Cockburn's most infamous article on the militias likened them to the Zapatistas. He couldn't seem to understand why leftists in the US were willing to solidarize with Mayan peasants fighting for land reform and democracy, but held the American militias at arm's length. Any fool could have explained to Cockburn what the problem was. The American militias were primarily composed of xenophobes, who not only hated the federal government but blacks, American Indians and immigrants as well. Their goal was to return the US to its constitutional roots, a dubious prospect for all those disenfranchised peoples that the founding fathers had little use for, including the slaves and the indigenous peoples. One could only wonder where Cockburn would be going next with this glorification of rural neopopulism. Would the Ku Klux Klan be the next group to be eulogized as "misunderstood white workers"?

Actually, Cockburn's not the journalistic superstar he once was. The Wall Street Journal dropped him, and the Nation Magazine cut him back to a single page.

For the past year or so he has been writing a weekly column for the NY Press, where his attack on Ward Churchill just appeared. A word or two is necessary on this newspaper. It is a freebie that was launched by a certain Russ Smith, who has his own weekly column titled "Mugger" that often exceeds 3 pages. It is filled with neoconservative rants and recommendations on where to get a good meal. If there is anything that Smith hates more, it is insufficiently attentive waiters. The more they grovel, the better he likes it.

You can get the flavor of this "alternative" newspaper by examining the front page of the latest issue, which contains the attack on Ward Churchill. There is the start of an fawning interview with Christopher Buckley, William F.'s son and editor of a supplement to Forbes Magazine, the "capitalist tool". There's an article announcing the addition of Taki, the reactionary racist journalist, to the stable of NY Press's writers. Taki's maiden column states that because Atahualpa, the Incan emperor, kept concubines, "No wonder the puritan Pizarro turned him into sirloin steak, well done." This would come as a big surprise to those of us who believe that the real reason for exterminating the Incas was to be able to get at their silver.
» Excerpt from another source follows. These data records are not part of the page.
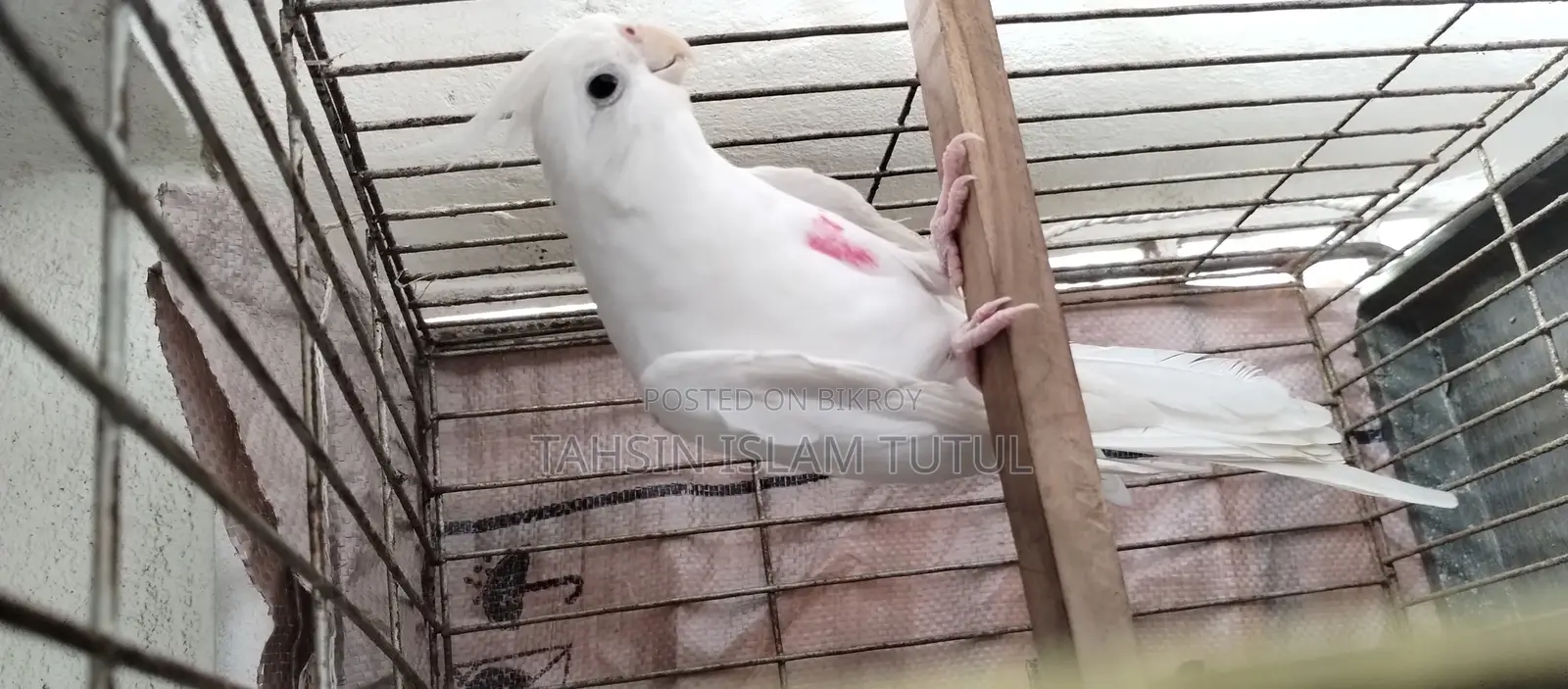 Running Cockatiel Pair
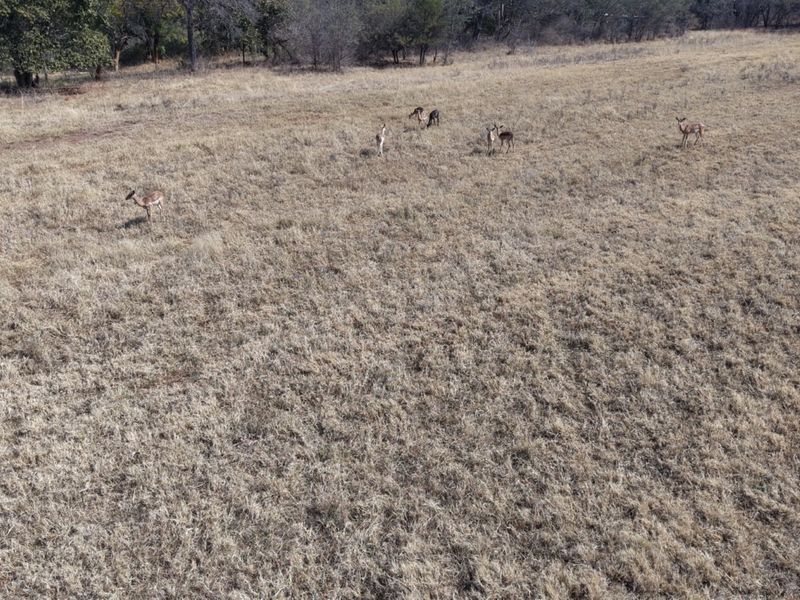 An aerial view of the expansive open grazing land on the farm, featuring natural dry grass and surrounding trees.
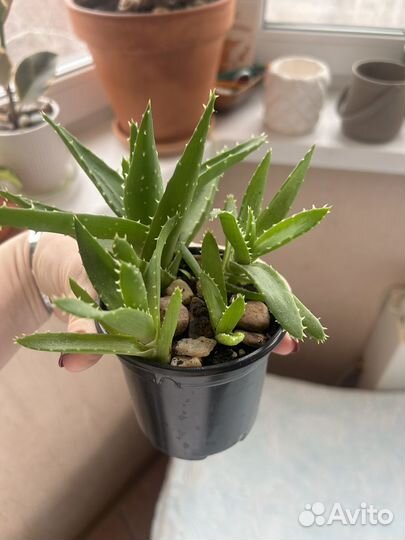Суккулент алоэ митриформис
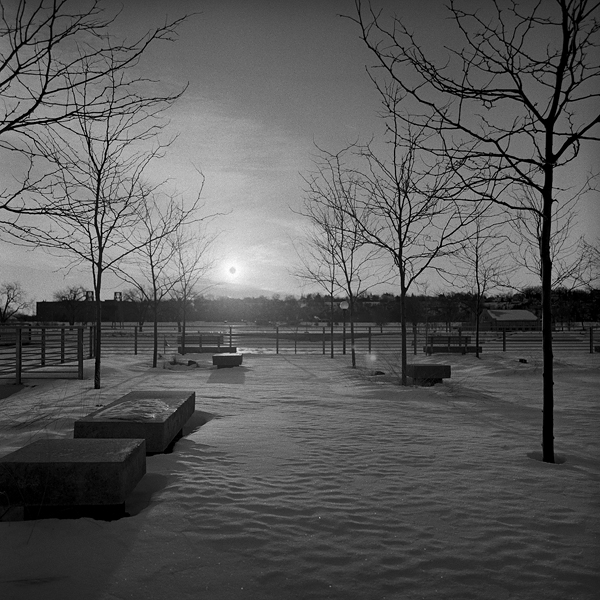 Winter Garden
Russ "Mugger" Smith's column, which begins on the first page, tells us that he had a fine meal at Spartina's the night before, and that even though "the kitchen was a bit slow, the waitress and hostess were hospitable." Boy, I tell you, its good to know that the underlings who wait on the Mugger know their place.

This milieu has had an effect on Cockburn. He has become great pals with the Mugger, even though their politics would seem to be at odds. A few months ago Cockburn reported on his dining experiences in New Orleans and for the life of me I couldn't tell whether it was Cockburn or the Mugger who I was reading. Frankly, I can't think of anything more superficial and boring than reports on how a gumbo agreed with one.

More to the point, Cockburn and the Mugger have a regular tag-team going which attacks well-known left/liberal figures, from Todd Gitlin to Mark Crispin Miller. The Mugger complains about their "political correctness" while Cockburn lacerates them for taking money from liberal foundations. One can only wonder if there is an economic determinist explanation for Cockburn's animosity. Since he probably doesn't enjoy the income he once did, no doubt he envies other people's success.

I suppose if I had a choice between Cockburn's radicalism and the tepid left-liberalism of Miller or Gitlin, I'd opt for Cockburn. However, with his latest attack on indigenous peoples, I say screw him.